**TASK DESCRIPTION**
Would you print only the lines running from the one with "Crossover Fanart, Yellow" to the final line of the data below, word for word and without pictures?

**GIVEN MATERIAL**

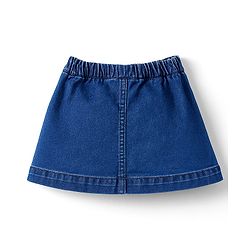 Babyhug Disney Single Jersey Knit Half Sleeves Top & Denim Skirt Set With Aristocrats Marie Graphics - Pink & Blue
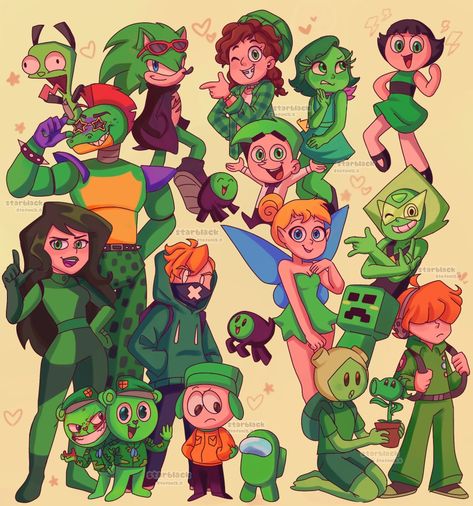 Crossover Fanart, Yellow Characters, Color Characters, Disney Rainbow, Colored Drawings, Colored Characters, Green Cartoon, Fairly Oddparents, Green Characters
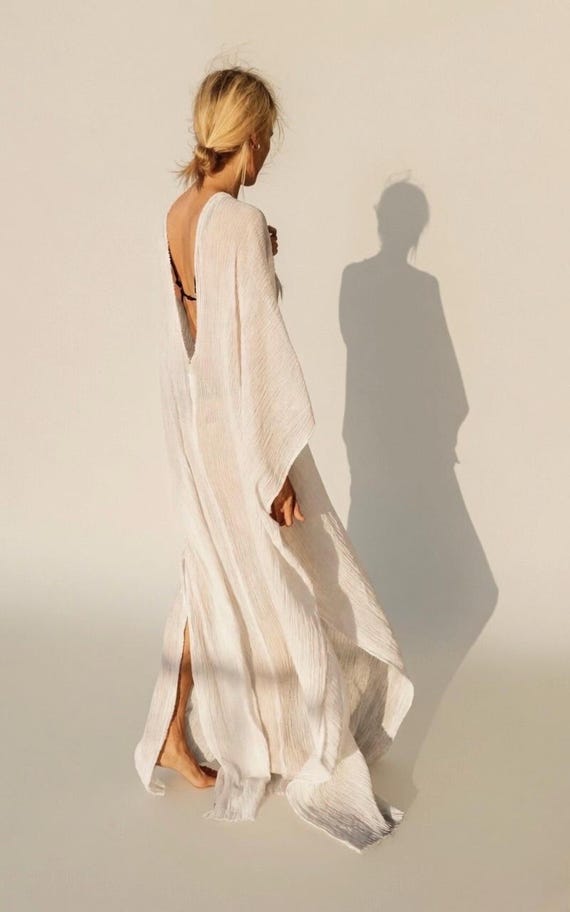 Handmade Cotton Gauze Kaftan Dress, Caftan Cover Up, Boho Resort Wear, Summer Vacation Dress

**ANSWER TO THE PROBLEM**
 Crossover Fanart, Yellow Characters, Color Characters, Disney Rainbow, Colored Drawings, Colored Characters, Green Cartoon, Fairly Oddparents, Green Characters
 Handmade Cotton Gauze Kaftan Dress, Caftan Cover Up, Boho Resort Wear, Summer Vacation Dress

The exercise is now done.